Le mouvement qui s’agrège autour de l’appel de Tamarrod est fondamentalement hétérogène. Il n’y a qu’à voir le nombre de signatures (22 millions) que le mouvement assure avoir collecté pour réclamer une présidentielle anticipée. On distingue tout de même trois groupes en présence : tout d’abord, il y a les libéraux qui ont été à l’origine des révoltes en 2011. A la chute d’Hosni Moubarak, ils étaient déjà contre des élections anticipées et contre l’élaboration rapide d’une constitution. Depuis le début, ils sont opposés à l’accès au pouvoir des Frères musulmans. Ensuite, il y a les partisans de l’ancien régime qui contestent le pouvoir face à l’échec de Mohamed Morsi et l’autoritarisme des islamistes au pouvoir. Enfin, il y a les fidèles des Frères musulmans eux-mêmes, non contents de leur gestion du pouvoir.
Que revendiquent-ils ?
Tout d’abord, le peuple demande la démission de Mohamed Morsi. Une autre revendication, qui se répète au gré des crises depuis que les Frères musulmans ont réussi à s’approprier le bénéfice de la chute d’Hosni Moubarak, est celle de remettre les compteurs à zéro et mettre en place un gouvernement d’Union nationale avec l’ensemble des parties en présence – c’est ce que demandent l’ensemble des partis libéraux égyptiens.

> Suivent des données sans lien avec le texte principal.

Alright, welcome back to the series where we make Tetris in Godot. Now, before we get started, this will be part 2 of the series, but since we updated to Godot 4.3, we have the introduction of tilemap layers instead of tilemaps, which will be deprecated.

Quel bilan peut-on faire d’un an de présidence Morsi ?
Catastrophique. L’économie égyptienne n’était déjà pas brillante sous Hosni Moubarak ; elle n’a fait que péricliter depuis la chute de l’ancien président. On assiste à une flambée des prix sans précédent, un tourisme en berne, une désorganisation des services de l’Etat… Le peuple n’a pas vu non plus sa situation économique évoluer, au contraire, le climat social est actuellement très tendu. Le minimum que les égyptiens pouvait espérer était un retour au calme, ce que les Frères musulmans ont échoué à faire. Un climat de sécurité, présent d’une certaine manière lorsque Hosni Moubarak était au pouvoir. Globalement, les Frères musulmans n’ont pas engagé de réforme économique, ni de réforme sociale, et encore moins de réforme constitutionnelle. Ils ont simplement cherché à s’accaparer le pouvoir et à le garder.
Le chef d’état-major de l’armée égyptienne vient de donner 48 heures aux responsables politiques pour “satisfaire les demandes du peuple”. Quel rôle peut jouer l’armée à ce stade de la situation ? Sera-t-elle prête à piloter l’Egypte comme elle l’a fait après la chute d’Hosni Moubarak? Plus généralement, à qui peut profiter la situation actuelle?
Si l’on assiste à une dérive violente de la confrontation entre les Frères musulmans et l’opposition, l’armée devra sûrement intervenir. Est-elle prête à assumer de nouveau le pouvoir pendant un an? Rien est moins sûr. Il y a tout de même eu un changement de génération au sein de l’armée. En 2011, on avait un vieux militaire aux capacités restreintes, le maréchal Tantaoui. Désormais, la relève au sein de l’armée pourrait être tentée de revenir sur le devant de la scène politique. Je ne la vois pas pour autant vouloir exercer directement le pouvoir sauf si le degré de déliquescence est tel qu’elle soit contrainte de le faire.
Par ailleurs, la situation actuelle pourrait tout à fait bénéficier à une partie des partisans de l’ancien régime. Les pro-Moubarak ne sont pas tous des criminels et des corrompus, il font également partie de l’ancienne classe dirigeante et pourraient se recycler au sein d’une nouvelle majorité politique.
Lors des révoltes de 2011, on s’était interrogé sur la capacité du mouvement d’opposition de s’ériger en véritable force politique après la destitution du pouvoir en place. Cette fois-ci, l’opposition est-elle capable de proposer un projet de réforme politique ?
Quand il sera question de ne plus être contre quelqu’un mais se mettre ensemble pour un même projet, ce sera autre chose. Je ne suis pas certain qu’il y ait quelque chose de structuré au sein de l’opposition mais que dire des Frères Musulmans? Ils sont arrivés au pouvoir sans programme politique, sans élite compétente pour diriger le pays, avec la seule envie de garder le pouvoir. A choisir entre l’opposition et un parti sans aucune valeurs libérale… Après deux ans de réflexion, on peut également considérer que l’opposition, malgré sa diversité, s’est donné les moyens de proposer des contre-projets.